Work instruction: Below are records with pictures in them; print them exactly, omitting the pictures.

Given entries:

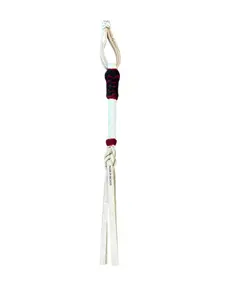 Western Style Cowboy Horse Whip Quirt Cuartita Vaquero Llavero 11 inch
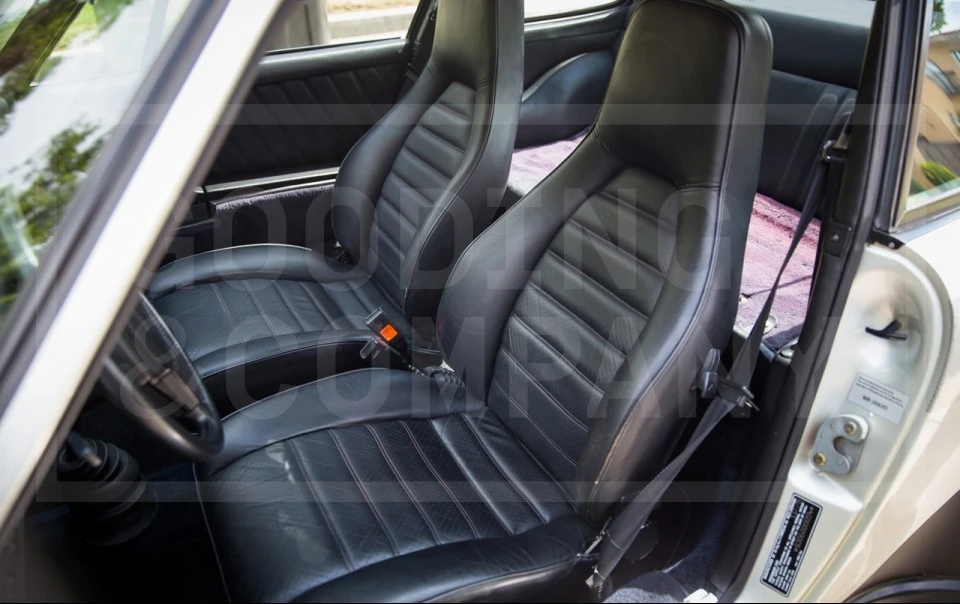 1976 Porsche 930 Turbo - Image 11 of 18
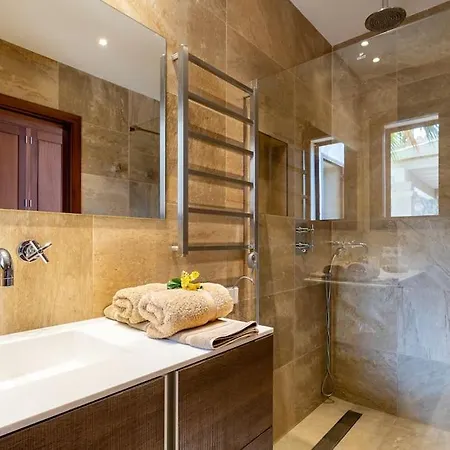 Stunning Modern Country House * Pollenca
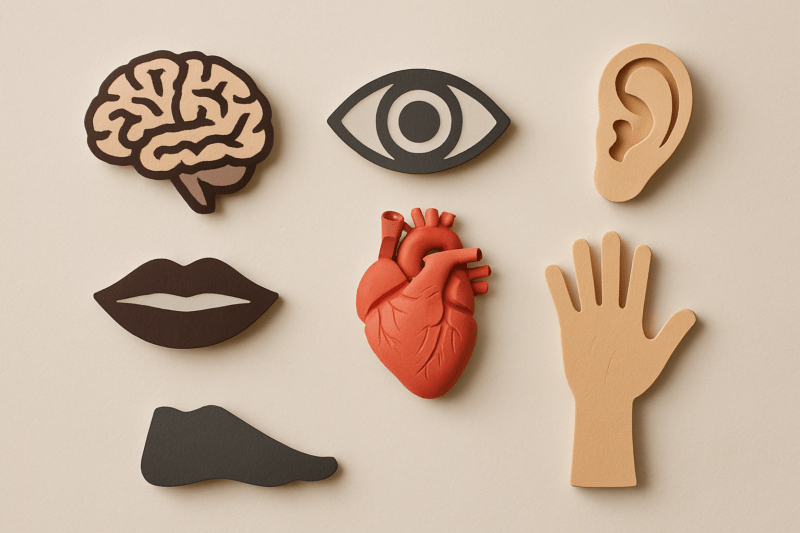 angliyskie-nazvaniya-chastey-tela-polnoe-rukovodstvo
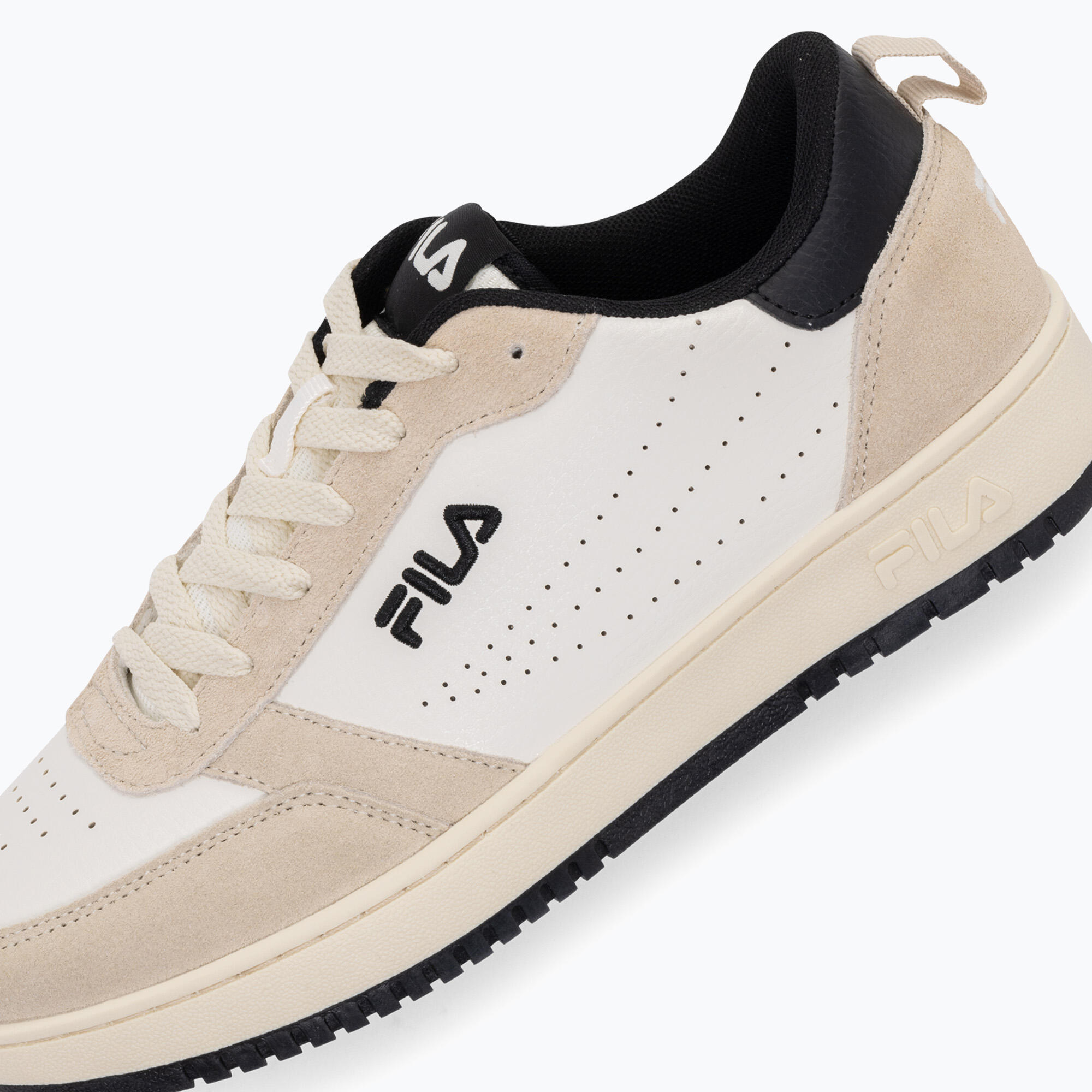 Scarpe FILA Rega S da donna 5/5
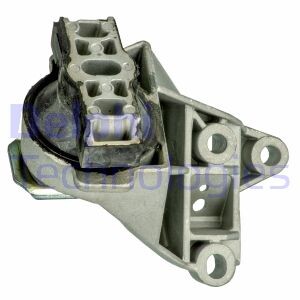 Poduszka sil.renault twingo 1.2 96- - (7700412094) Delphi TEM105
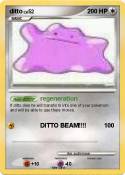 ditto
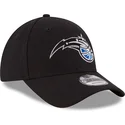 petten-gebogen-zwart-verstelbaar-9forty-the-league-van-orlando-magic-nba-van-new-era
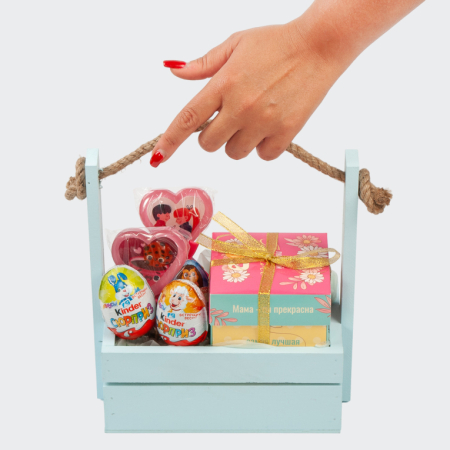 Подарочный набор №3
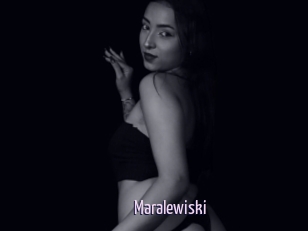 Maralewiski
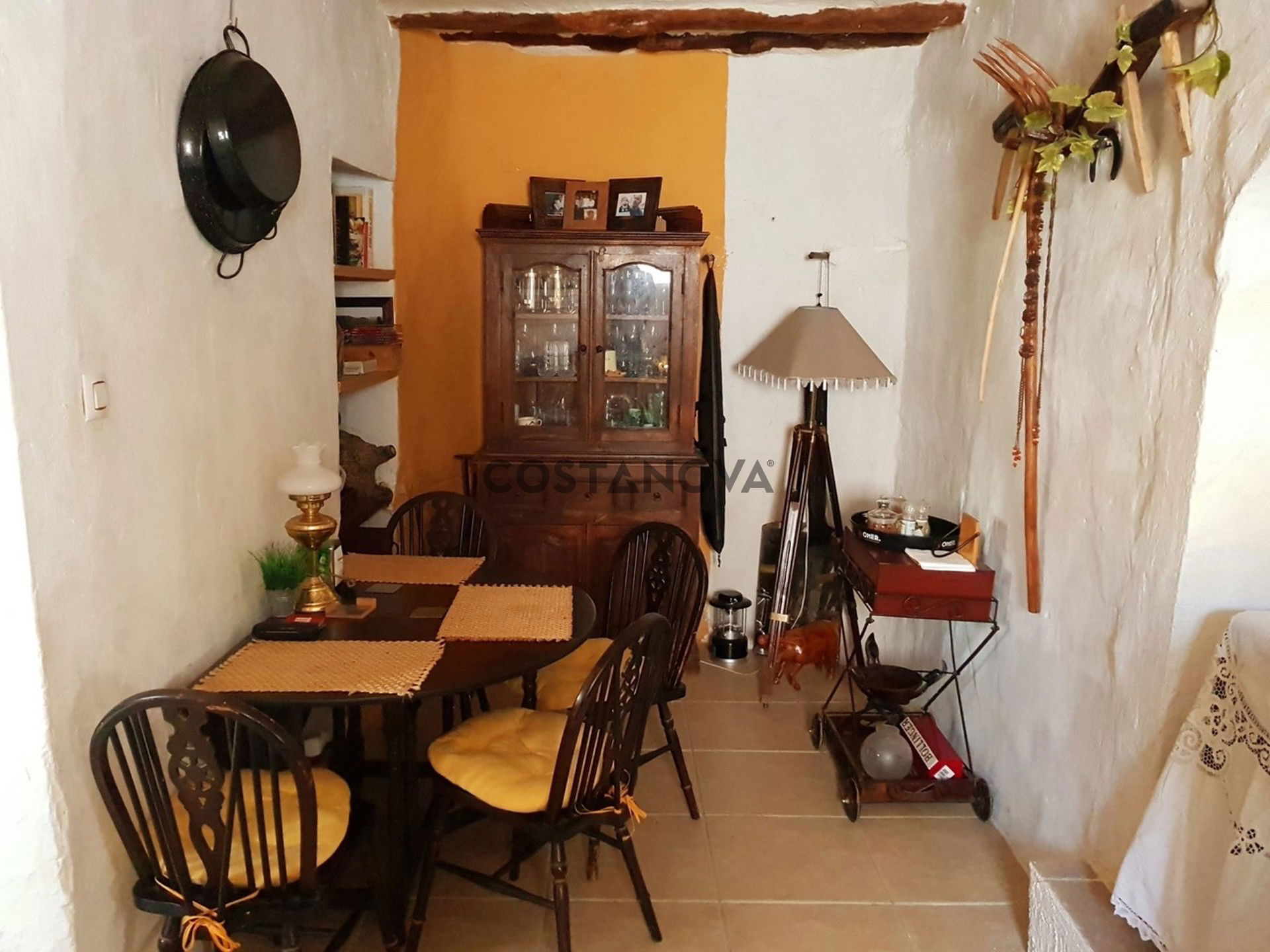 House in Sierro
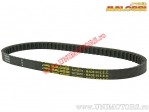 Ιμάντας μετάδοσης Malossi X-Kevlar - CPI Aragon / Hussar / Popcorn / Garelli / Gilera / Keeway / Piaggio NTT / N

Answer section:
 Western Style Cowboy Horse Whip Quirt Cuartita Vaquero Llavero 11 inch
 1976 Porsche 930 Turbo - Image 11 of 18
 Stunning Modern Country House * Pollenca
 angliyskie-nazvaniya-chastey-tela-polnoe-rukovodstvo
 Scarpe FILA Rega S da donna 5/5
 Poduszka sil.renault twingo 1.2 96- - (7700412094) Delphi TEM105
 ditto
 petten-gebogen-zwart-verstelbaar-9forty-the-league-van-orlando-magic-nba-van-new-era
 Подарочный набор №3
 Maralewiski
 House in Sierro
 Ιμάντας μετάδοσης Malossi X-Kevlar - CPI Aragon / Hussar / Popcorn / Garelli / Gilera / Keeway / Piaggio NTT / N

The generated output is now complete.